Saturday, February 25, 2006

Gabo


A luz é como a água
Jóia cristalina
Que renova e anima
Purifica e acalma




Rebenta enorme represa
De sentimento contido
Encharca o solo garrido
Semeia amor e beleza

Transforma o dia tristonho
Prisma multicolorido
Basta um feixe dividido
E tudo torna-se sonho

Por onde navego inteira
Pés na proa, olhar no mar
Sem medo de me afogar
Em noites de lua cheia

Porque a luz é como a água
E com ela se confunde
Mistura-se e se funde
Refletindo a minha alma

Saturday, February 04, 2006

Pragmático

Era um glutão, sempre o fora. Desde as primeiras letras. Adorava os ás enormes daquelas cartilhas gorduchas; o desenho sinuoso que ele apreciava primeiro com os olhos, depois com os dedos, e, por último, com a boca inteira. Saboreava os ós como quem prova um manjar delicado, num movimento inocentemente erótico, até que destes restasse apenas o chapeuzinho franzino. Pequeno sinal deixado somente por vaidade.
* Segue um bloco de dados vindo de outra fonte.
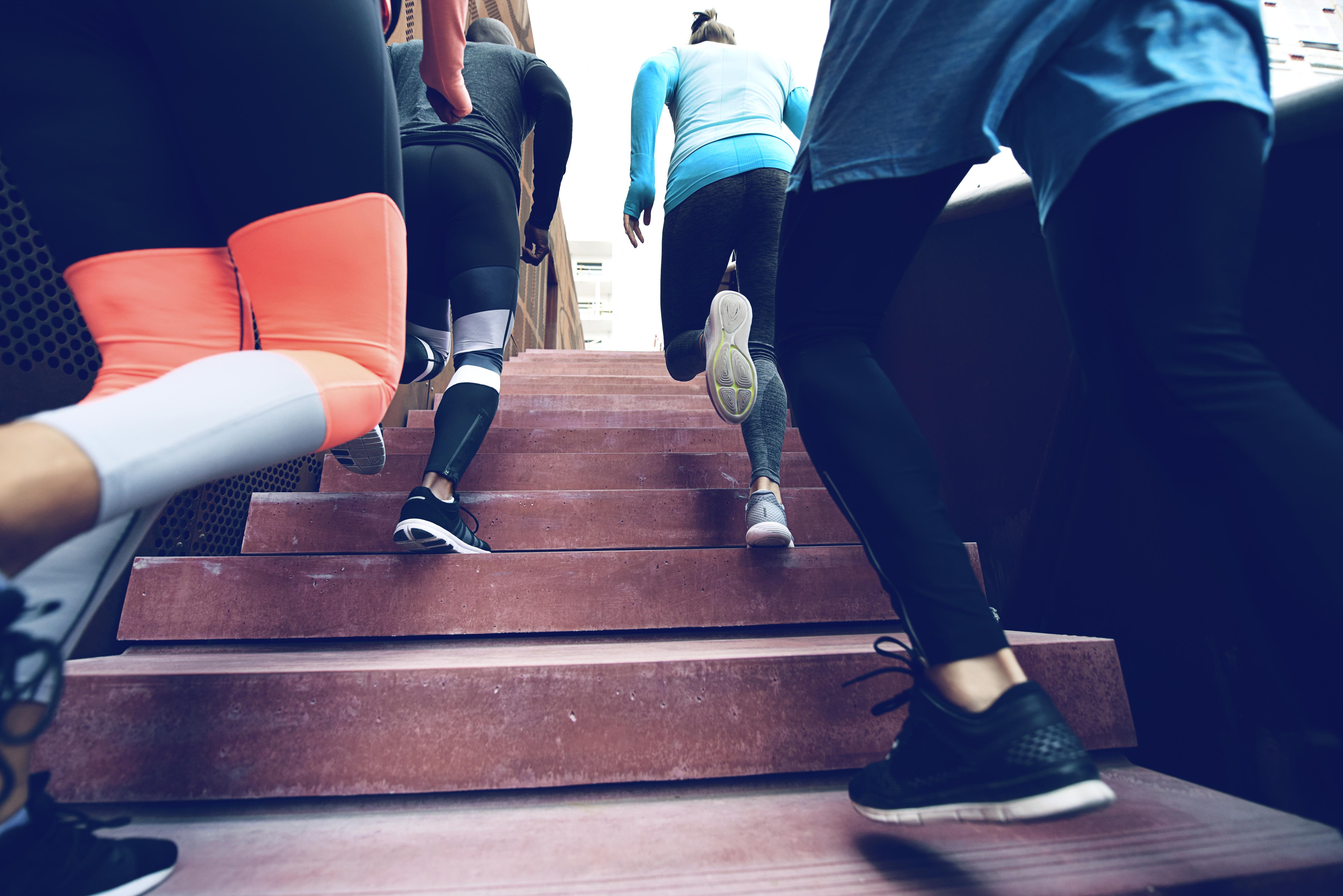 Four students exercise together, running up outdoor stairs during an energetic fitness activity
Aprendeu a enxergar muito além das simples entrelinhas. Estava faminto.
Depois descobriu a pontuação e com ela o sentido da palavra preferência. Adorava cozinhar e fazia questão de preparar o repasto ele mesmo, cuidadosamente. Algumas vírgulas, um ponto final, talvez três seqüenciados, isso dependia bastante da ocasião, do humor, da companhia...
Não apreciava muito o travessão, verdadeiro arrasa garganta que arrastava com ele o sabor divertido de um olhar sem palavras. Preferia comer em silêncio, degustando cada ponto e vírgula. As pausas prolongadas quase sempre eram seguidas de uma boa surpresa. E para ele, exclamações de sobremesa eram bem-vindas. Ajudavam a digerir. Enzima catalisadora a acelerar o compasso daquela vida pontuada por altos e baixos.
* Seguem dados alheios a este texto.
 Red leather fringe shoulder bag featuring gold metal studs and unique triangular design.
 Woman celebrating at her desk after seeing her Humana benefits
Era sua única paixão até conhecê-la. O modo sublime com o qual ela pronunciava as palavras o fez esquecer todo o resto. Ficou fascinado por sua beleza, seus gestos suaves, sua dicção mais que perfeita. Deixou-se embalar por sua voz sonora, sua mão macia, seus olhos de rainha. Ela era um sonho. Ponto.
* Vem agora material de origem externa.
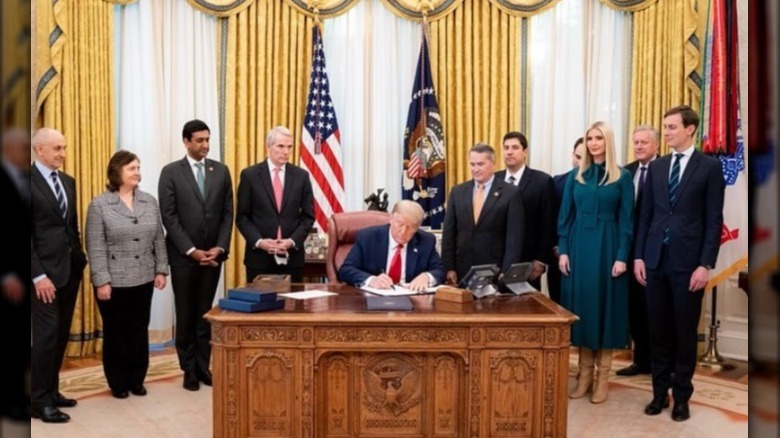 Donald Trump signing bill in Oval Office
O casamento realizou-se alguns meses depois. No dia marcado tudo estava em seu lugar. Parecia nervoso, e era verdade. Sentia-se como um parênteses mal colocado, sem sentido, abandonado na frase. Ela, radiante, distribuía sorrisos a todos. “Fabulosa!”, pensou.
Apesar do calor, suportou bem a cerimônia. As roupas tinham um caimento perfeito já que ele emagrecera (graças à dieta que ela sutilmente sugeriu). Mesmo assim não se achava digno de tamanho primor e na ânsia de tomá-la por esposa engoliu com avidez a interrogação que o Padre ofereceu.

Morreu sufocado.
No meio da oração.

Thursday, February 02, 2006

Ana Júlia


Chama-se Ana
Talvez fosse Severina
Carioca, nordestina
Beatriz ou Juliana
Esta é Ana

E ela ama
Ama Ana violada
Em seu íntimo humilhada
Alma, mesa, banho e cama
Mas ela é Ana






Já não se engana
Ana fibra, Ana forte
Ana vida, Ana morte
Ana dor que dela emana
Ana

Do começo ao fim é Ana
Como Hannah um palíndrome
Cara doença, uma síndrome
De não padecer e ter gana
Ana é

Ana, Naa, Aanagrama
Ana multifacetada
Anjo ou demônio encarnada
Minha, tua, nossa hermana
Ana é mulher


Para as Anas, as Júlias, Julianas da vida.